-- Listed records follows --
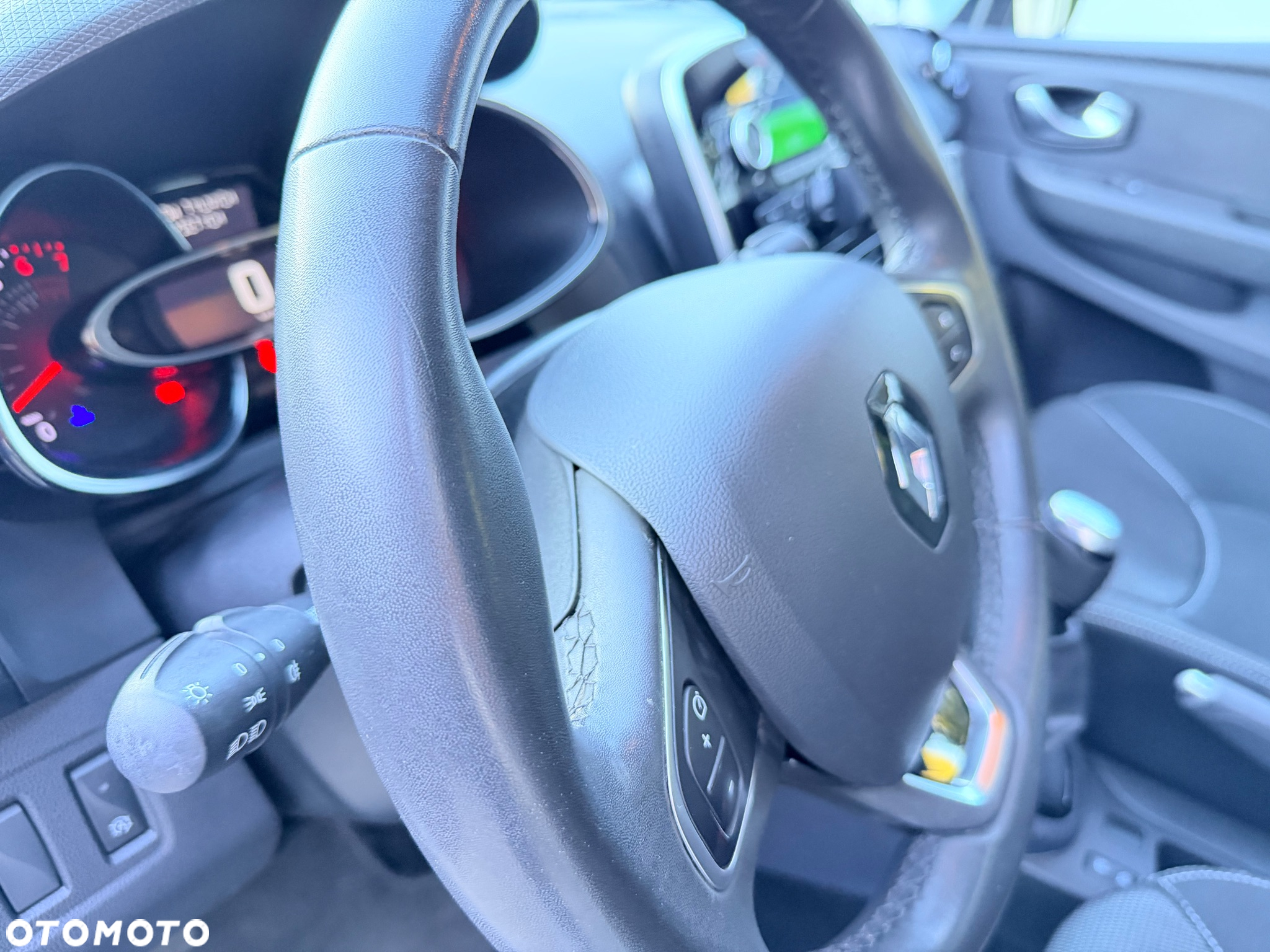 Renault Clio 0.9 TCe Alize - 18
-- Listed records concluded --
-- Listed records follows --
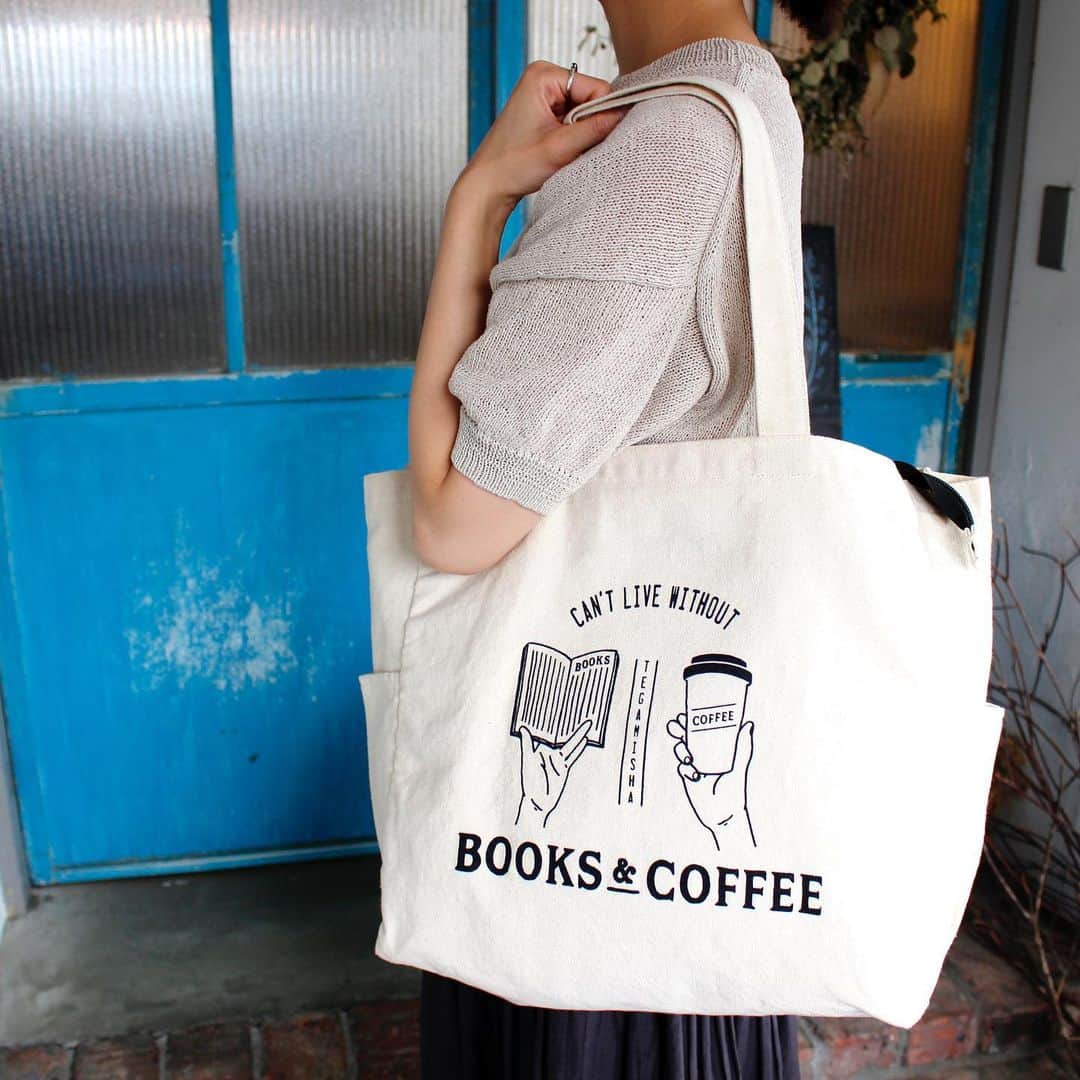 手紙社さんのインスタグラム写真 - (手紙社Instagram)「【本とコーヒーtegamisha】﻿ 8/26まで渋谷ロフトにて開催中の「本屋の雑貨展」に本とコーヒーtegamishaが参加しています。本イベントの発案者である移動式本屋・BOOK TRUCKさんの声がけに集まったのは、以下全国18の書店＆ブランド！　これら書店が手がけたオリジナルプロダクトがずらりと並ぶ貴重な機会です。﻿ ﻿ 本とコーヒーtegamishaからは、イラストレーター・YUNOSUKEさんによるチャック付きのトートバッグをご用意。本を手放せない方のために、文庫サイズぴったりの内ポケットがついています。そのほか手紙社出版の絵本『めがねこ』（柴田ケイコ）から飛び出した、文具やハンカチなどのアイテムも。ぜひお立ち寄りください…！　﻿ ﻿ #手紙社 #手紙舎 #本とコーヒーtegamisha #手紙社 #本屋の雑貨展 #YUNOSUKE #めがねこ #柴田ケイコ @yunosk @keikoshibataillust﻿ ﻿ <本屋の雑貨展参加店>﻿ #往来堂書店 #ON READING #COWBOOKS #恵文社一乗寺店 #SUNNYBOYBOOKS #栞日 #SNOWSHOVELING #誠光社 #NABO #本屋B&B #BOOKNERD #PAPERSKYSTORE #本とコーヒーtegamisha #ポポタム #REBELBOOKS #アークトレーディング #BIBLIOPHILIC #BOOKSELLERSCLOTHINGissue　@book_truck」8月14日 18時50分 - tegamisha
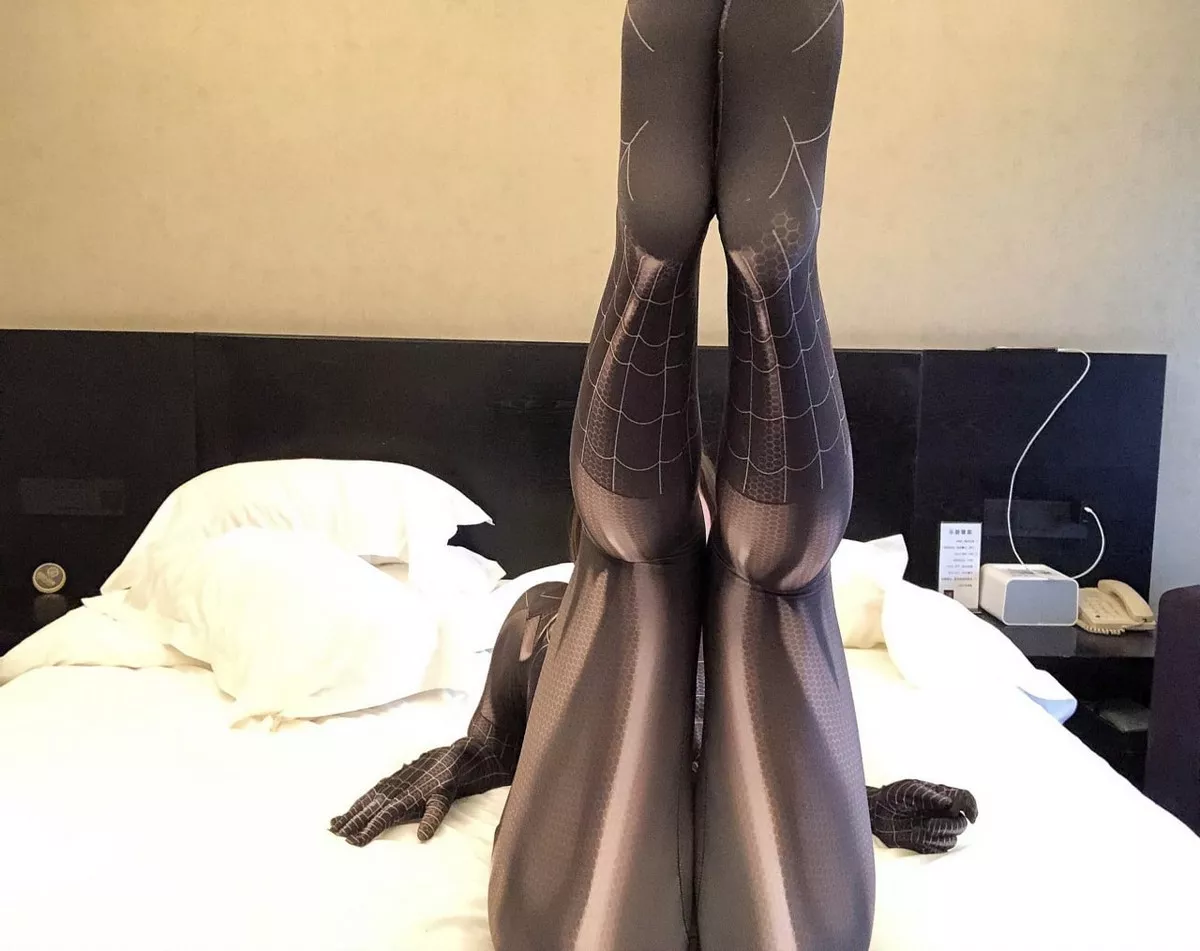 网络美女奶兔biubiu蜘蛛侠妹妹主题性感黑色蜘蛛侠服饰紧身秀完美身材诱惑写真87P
-- Listed records concluded --
-- Listed records follows --
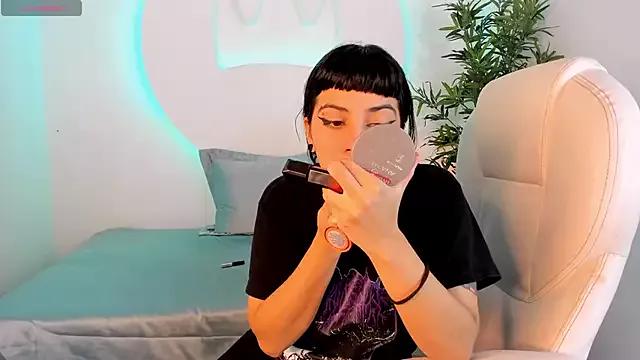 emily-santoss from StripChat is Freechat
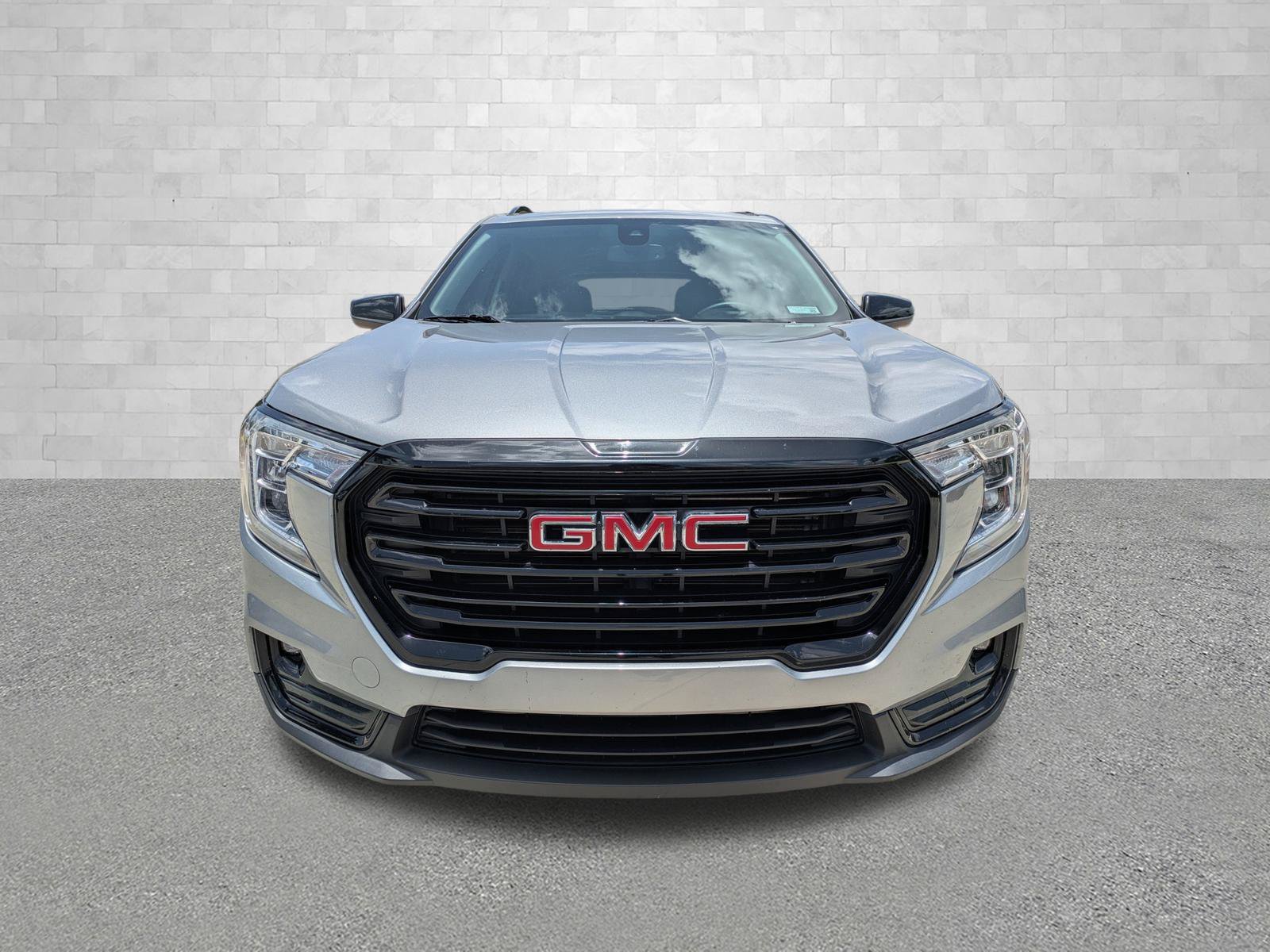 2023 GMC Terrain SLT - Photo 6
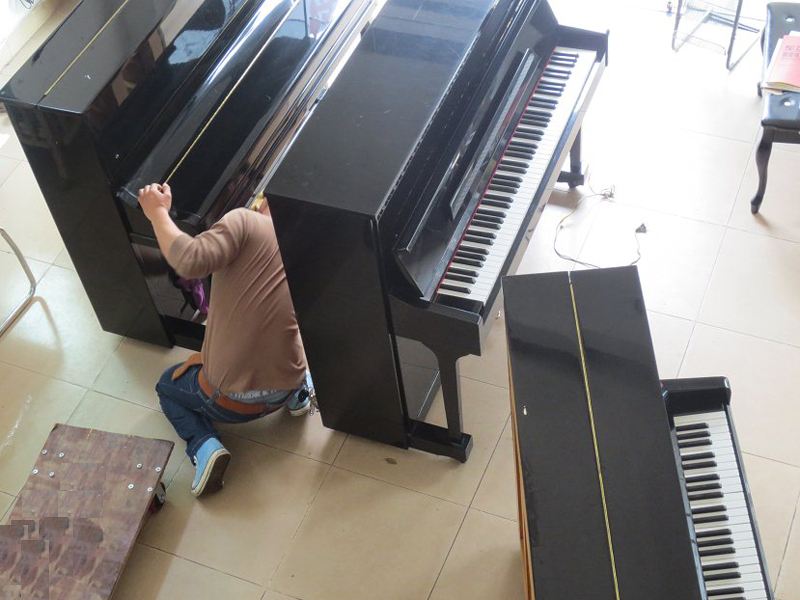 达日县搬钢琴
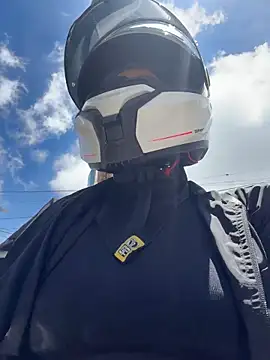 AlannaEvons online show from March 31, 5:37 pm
-- Listed records concluded --
__Your task__:
From the data above, retype only the lines starting with the line with "emily-santoss from StripChat is Freechat" and going on through the line with "AlannaEvons online show", exactly, leaving out the pictures.

__Reply to the exercise__:
 emily-santoss from StripChat is Freechat
 2023 GMC Terrain SLT - Photo 6
 达日县搬钢琴
 AlannaEvons online show from March 31, 5:37 pm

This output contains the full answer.